Cela devrait relativiser l'importance des médias, me direz-vous. Sauf qu'en réalité, ce qui apparaît surtout c'est un renforcement du fossé entre le peuple et ses élites, et malheureusement toutes ses élites, puisque lorsqu'il y a méfiance, il a généralisation et amalgame et la différenciation entre ceux défendent la pensée unique et ceux qui portent une autre voie ne se fait plus. D'autant que loin de se remettre en question après 2005, le monde médiatique a persisté dans son erreur. Rappelons nous que sans l'aide des médias et des sondages Mme Royal n'aurait probablement pas été candidate en 2007, et qu'en suite sans une campagne infamante orchestrée contre elle, elle aurait probablement été élue.

Mais si je parle aujourd'hui de l'influence des médias sur l'opinion, c'est parce que depuis le mois de mars et au travers de deux évènements, leur indépendance éditoriale se pose de nouveau de manière visible.

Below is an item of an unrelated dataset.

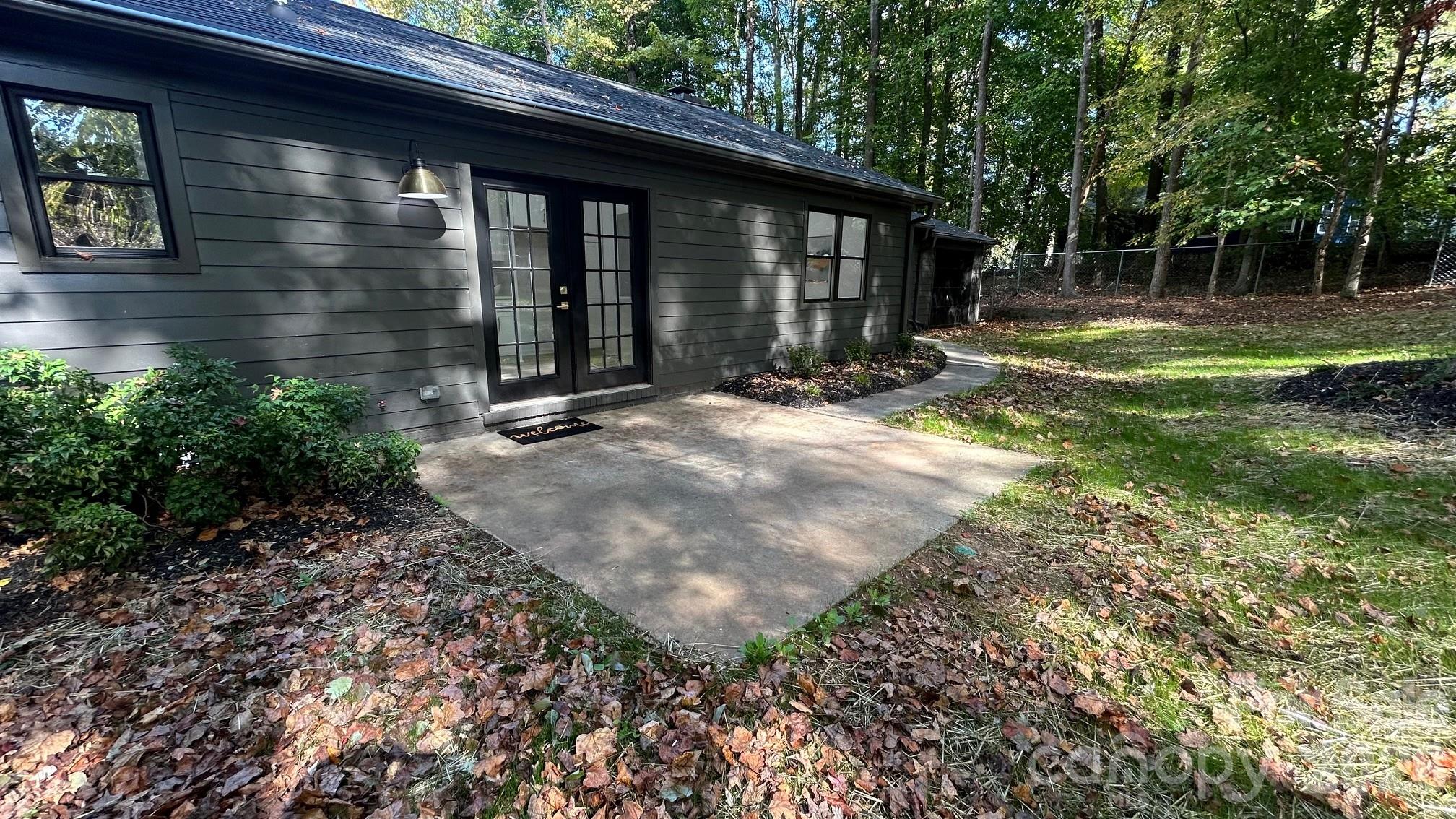 Freshly Seeded Backyard Lawn, Professional Landscaping, and New Black Mulch - 8001 Saddlehorse Lane, Charlotte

Je veux évidemment parler en premier lieu de l'affaire Woerth-Bettencourt. Cette affaire qui dans n'importe quelle démocratie aurait aboutie à la démission du ministre, si ce n'est à celle du gouvernement tout entier. Il est notable qu'avant qu'il y ait emballement médiatique, c'est sur Médiapart, un site internet réellement indépendant que l'information est sortie, et que le principal relais ensuite fut Marianne, un des rares hebdomadaires qui soit politiquement inclassable. D'ailleurs le pouvoir ne s'y est pas trompé, lui qui n'a pas eu de mots assez durs contre internet et contre Médiapart particulièrement. Autre phénomène remarquable, durant tout l'été, c'est la presse écrite qui globalement a été à la pointe des révélations, comme si poussée par la concurrence d'internet, elle se réveillait et retrouvait un peu de verve. Mais dans le même temps, il est consternant de constater que la télévision et la radio, premières sources d'information n'ont quasiment pas mené d'investigations, se contentant d'être à la traîne. Pour mieux noyer le poisson ?

Le deuxième évènement me tient encore plus à coeur, il s'agit de la réforme des retraites et du formidable mouvement que nous venons de vivre (et qui n'est peut-être pas fini). Là aussi, quel constat ! Quand la quasi-totalitéquasi-totalité des éditorialistes économiques et politiques défendent le texte de loi et le gouvernement, 70 % des Français s'y opposent. Quand des millions de Français descendent dans la rue, ce que l'on entend principalement c'est l'incompréhesion de la caste médiatique face à cette colère profonde. Caste qui pendant deux mois ne va avoir de cesse de parler de division du monde syndical, d'essoufflement du mouvement ou encore de nécessité de faire de la pédagogie (sic !). Aujourd'hui, alors que la mobilisation s'estompe, que le carburant afflue de nouveau dans les pompes, les jeux sont faits, et on a l'impression que ce qui s'est passé, n'est rien qu'un épiphénomène du à une supposée tradition française. A la vérité, le pouvoir et son bras armé médiatique pousse un grand ouf de soulagement, mais s'inquiète désormais pour le futur et l'élection présidentielle qui arrive.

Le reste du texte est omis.